Depression in the US, My ass.

Discussion in 'Economics' started by KINGOFSHORTS, Nov 25, 2011.

  1. Ed Breen

    Ed Breen

    Misterno I appreciate your thoughts; we disagree. If the U.S. cannot sell its bonds to private individuals and foreign buyers at auction, it will not matter that the U.S. dollar is reserved currency...it will lose its utility as reserve currency and as domestic currency at the same time. Another form of reserve currency will replace it if that happens. I expect that we will start growing again after a really bad patch and that our longer credit will not fail and we will remain the reserve currency...but it could happen.

    If you can accept that 'money' is credit (a liability of government) you must rationalize that as credit expands and contracts, it is the true money supply that is expanding and contracting.

    Neither the Treasury nor the Fed really 'prints' money. Actual printed money in circulation hasn't changed in a decade. Change in money supply is just digits to banks and from banks. The Fed pushes a key and changes its balance sheet to add cash as a liability. Then it transfers the cash to a Treasury account at the Fed where Treasury holds the cash as a credit to its assets, and Treasury issues bonds in a like amount as a liability against its account and tranfers the bonds to the Fed account where they are booked as asset...it all balances out and non of it leaves the Fed...its just changing of balance sheets and accounts.

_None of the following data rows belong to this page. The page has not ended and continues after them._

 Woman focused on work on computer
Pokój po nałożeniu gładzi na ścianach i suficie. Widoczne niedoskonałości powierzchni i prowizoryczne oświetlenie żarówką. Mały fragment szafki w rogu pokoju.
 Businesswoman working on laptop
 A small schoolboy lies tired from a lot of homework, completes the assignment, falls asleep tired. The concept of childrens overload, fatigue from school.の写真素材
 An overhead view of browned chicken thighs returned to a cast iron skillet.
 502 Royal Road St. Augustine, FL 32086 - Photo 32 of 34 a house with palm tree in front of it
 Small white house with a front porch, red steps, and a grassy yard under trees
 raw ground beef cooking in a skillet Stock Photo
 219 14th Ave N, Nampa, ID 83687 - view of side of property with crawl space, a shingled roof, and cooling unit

The same thing happens if the assets are being 'bought' from private banks...the differnene is that the transfers take place between the Fed account and the discrete bank account at the Fed...so that the change takes place between the aggregate holdings of the private banks and the Fed...treasuries move to the fed in exchange for a cash liability creation and cash credit moves to the balance sheet of the banks...that takes 2 minutes...that is how money is printed.

    Do you see that you need viable treasuries to coherently swap for cash notes? If the treasuries have no value, if they are not liquid then the cash note money has no value...so no one will would hold it, reserve or not.

    Inflation occures when the cash note money moves quickly into private credit formation. This is what economists call 'velocity'...if the new cash moved to the banks becomes leveraged into new private credit then inflation will take place in collateral asset prices in the real economy at the rate that the private credit is created. However, where ther is no demand for private credit creation; where in fact private credit is deleveraging in the aggregate with no net demand for new debt, then there will be no demand for the new cash to flow into. In other words there will be no velocity. The money will not leave the banking system in aggregate and you will see the cash notes build up in the banking system as 'excess reserves' held in deposti at the Fed...so with no demand for private credit the new cash note production simply pools up in the private bank accounts at the Fed...the money never leaves the interbank system and it causes no inflation in the domestic economy.

    Where banks have excess capital and where they have global bank relationships and where the U.S. cash notes are the international reserve currency, loans can be made internationally where private credit is expanding, where there is a demand for the money or where governments are looking for loans. This is what you seem to be talking about. The excess money not demanded by credit formation in the domestic economy begins flow to other economies where private credit is expanding and then inflation occurs in those economies. That has been what is happening...our wages don't go up, we continue to deleverage and we don't invest in domestic assets which continue to decline, but the things we buy internationally or sell internationally go up in price. The wage earner is screwed by the process that is supposed to be stimulating the U.S. economy but only stimulates some foreign economies.
     
    #111     Dec 9, 2011
  2. Clothes back then were made in the USA.
    Today, it's all China.
     
    #112     Dec 9, 2011
  3. You have the relationship backwards - as long as the US is the reserve currency, it will be able to sell bonds.

    (de facto) reserve status will be lost *first*.

    Then the rest comes tumbling down.
     
    #113     Dec 9, 2011
  4. Ed Breen

    Ed Breen

    The issue is solvency and that is what shows up in the failed Auction. Its a matter of record that the U.S. can have a bad auction. We just saw Germany have a bad auction. You could say that the bund auction underpins the 'reserve currency' of the Euro within the EMU currency zone. From a practical point of view it happens at the same time; and the point is the idicia of sovereign solvency.
     
    #114     Dec 9, 2011
  5. an easy way to think about is you come over to my house and ask for a loan until payday. I go back in the bedroom and run a few C notes off the press and give them to you with the understanding that you will show up on payday with the notes (plus a little vig.) Sure enough, you show up, and I take them and throw them in the fireplace.

    That's why they say if you do that too much things can get overheated.